With his chilly stare Powell came across as slightly unhinged, an impression that his incendiary later prophecy about immigration would only reinforce. But on this, at least, there is no question that Powell was right. Powell had spent the pivotal years of the war in the Middle East. He had witnessed the fraught Casablanca conference between Churchill and Roosevelt in 1943 where, the president’s chief of staff admitted, “there was too much anti-British feeling on our side.” And he was by no means the only man to see Britain and the United States as rivals in the region. His political opponent Richard Crossman wrote that the Americans represented “the greatest danger to British rule in the Middle East today,” after visiting Palestine in 1946. Nor was the feeling confined to the British. Two years later the American spy Kim Roosevelt, who had also served in Cairo in the war, remembered “times when British representatives on the spot were, in defiance of London’s instructions, doing all in their power to knife their American opposite numbers and… Americans on the scene whose every act was inspired by a desire to ‘do the British in’.” A further, postwar tour of the area reinforced his view that “actually Americans and British in the Middle East get along rather badly.”

All this is now forgotten history. During the Cold War, Britain and the United States tried not to draw attention to their differences, and to this day the British government retains over a hundred-meters-worth of files about its ally that it would rather not declassify. It is clearly best not to let too much light in upon the magic. This policy of secrecy and the Anglo-American coalitions in the Persian Gulf in 1991 and in Iraq again after 2003 have helped obscure a fact that was once common knowledge: from 1942 until Britain’s exit from the Gulf in 1971, Britain and the United States were invariably competitors in the Middle East and often outright rivals. As this book will show, the joint Anglo-American effort to oust the Iranian prime minister Mohammed Mosaddeq in 1953—so often produced as evidence of Anglo-American collusion—was the exception, not the rule.

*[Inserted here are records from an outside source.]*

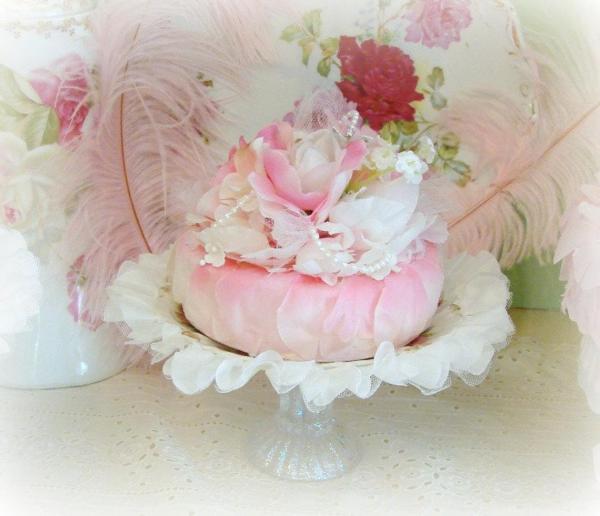 Petal Cake Centerpiece picture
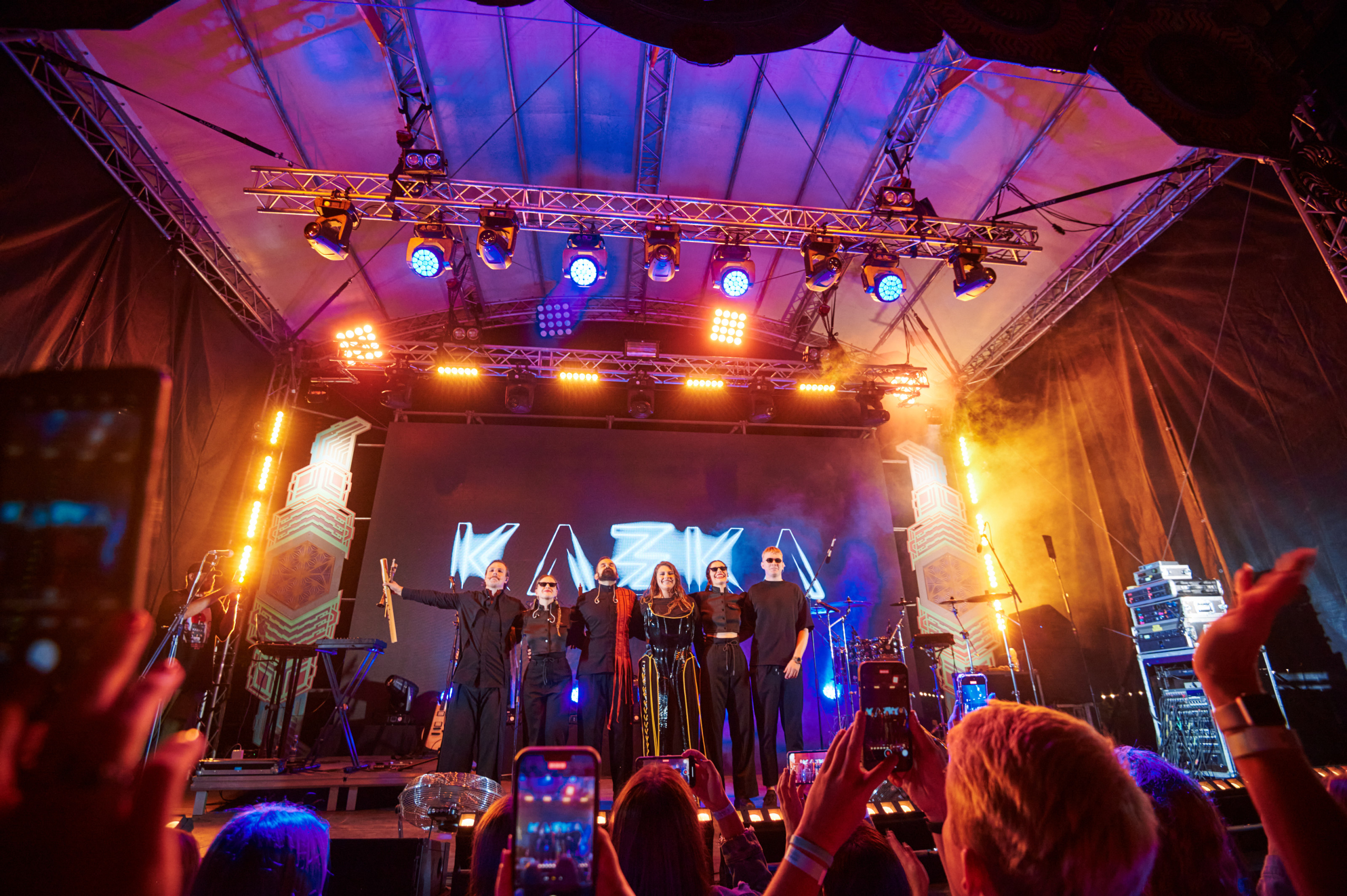 Дуети та шалені емоції: концерт гурту KAZKA в артпросторі UYAVA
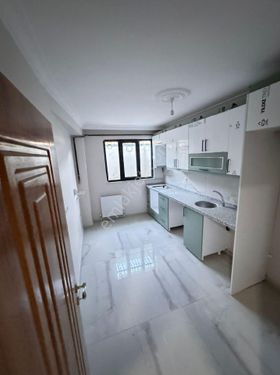 ARNAVUTKÖY KİRALIK 2+1 BAHÇE KATI DAİRE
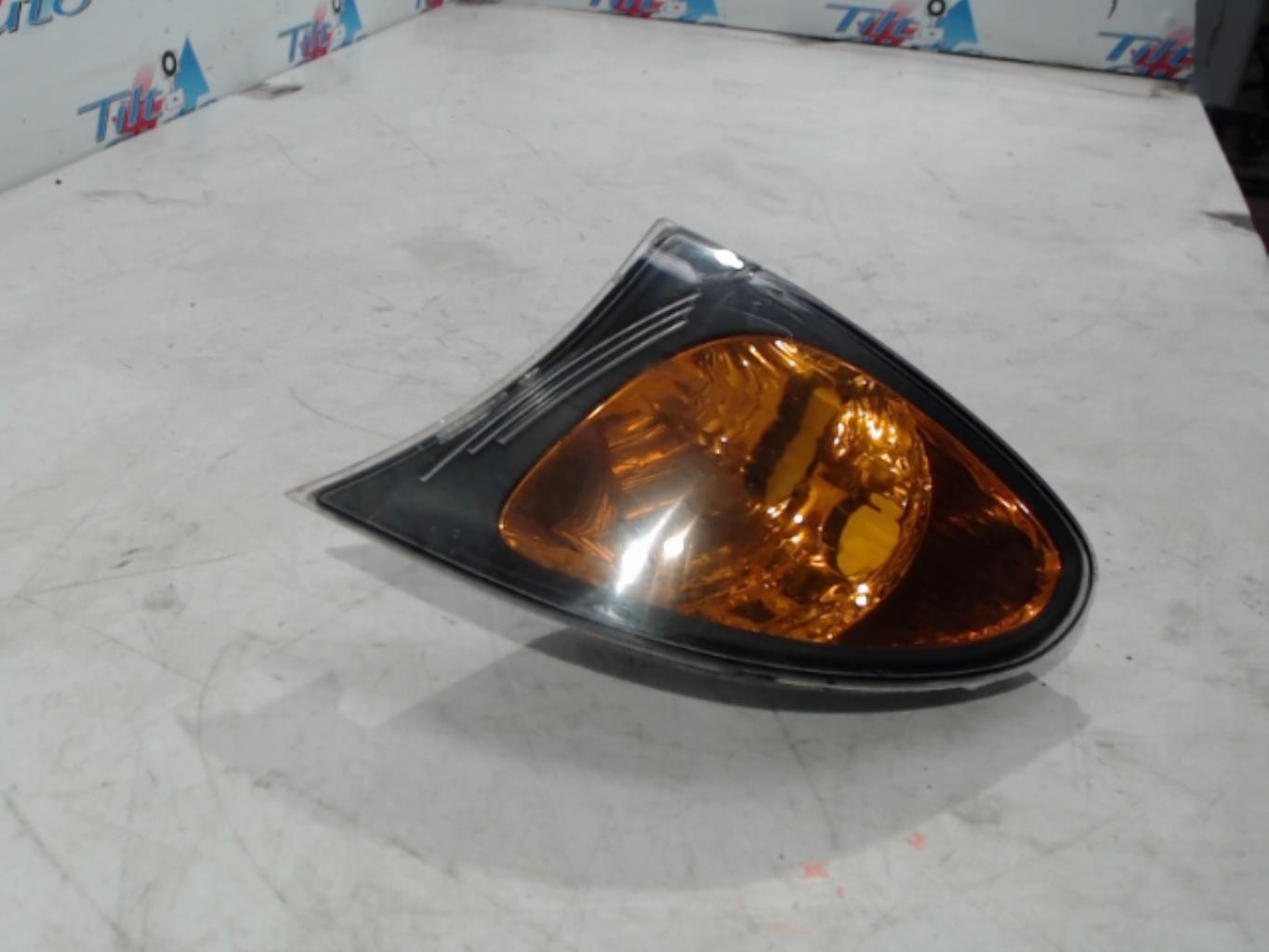 Optique avant secondaire gauche (feux)(clignotant) BMW SERIE 3 E46 PHASE 2 Diesel - 1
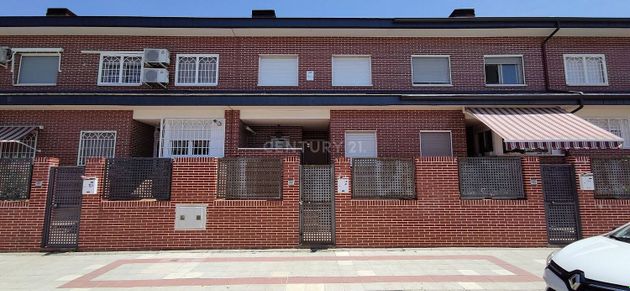 Foto 1 de Casa adossada en venda a calle Juan de Mairena de 5 habitacions amb terrassa i piscina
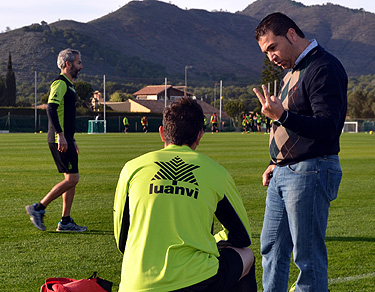 Cordero habla con Piti en la concentración de La Manga (GRANADA CF)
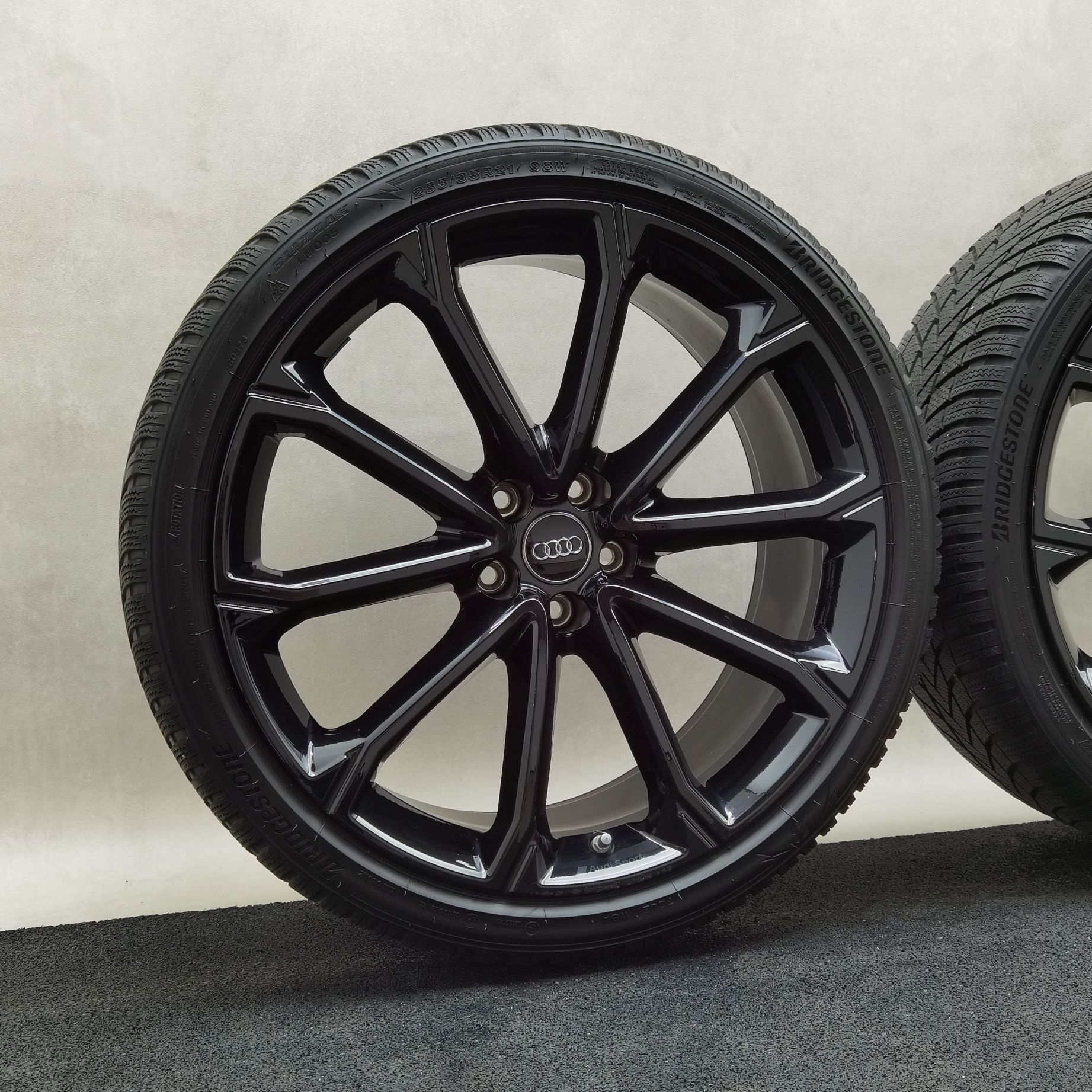 21 Zoll Audi 5-V-Speichen-Polygon Schwarz glänzend Winterräder / Bridgestone Blizzak LM005 255/35 R21 – Bild 3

THIS IS A fascinating chapter in a long-running story because the Middle East has served as an arena for great power conflict since the beginning of recorded time. In the first half of the twentieth century, Britain and France were the great powers of the day. Midway through the First World War they carved up the Ottomans’ Arab territory between them and, once they had won the war, then subdivided it into mandates, which they went on to rule for the best part of thirty years. The French left in 1946, chased out by Lebanese and Syrian nationalists who had had surreptitious British help. Any British sense of victory was short-lived because a new contest, with the United States, then followed.

Britain’s original motive for wanting to control the Middle East was primarily strategic: by dominating a belt of territory stretching from Egypt to Iran it could control the route between Europe and India. Yet, by the time that Indian independence in 1947 rendered that rationale redundant, the British had already seized on a new reason to remain there—oil. British companies’ domination of Middle Eastern oil production generated vital revenues for the Crown, improved Britain’s perennially poor balance of payments, and enabled the country to defend itself in the event of a war with Soviet Russia. The belief that oil was, as one minister put it, a “wasting asset” that would run out by about the end of the century—if it had not already been superseded by atomic energy (which many people at that time expected would be powering cars by now)—encouraged short-term thinking and one hope in particular: the British might manage to resist mounting nationalist pressures for longer than the oil flowed out the ground.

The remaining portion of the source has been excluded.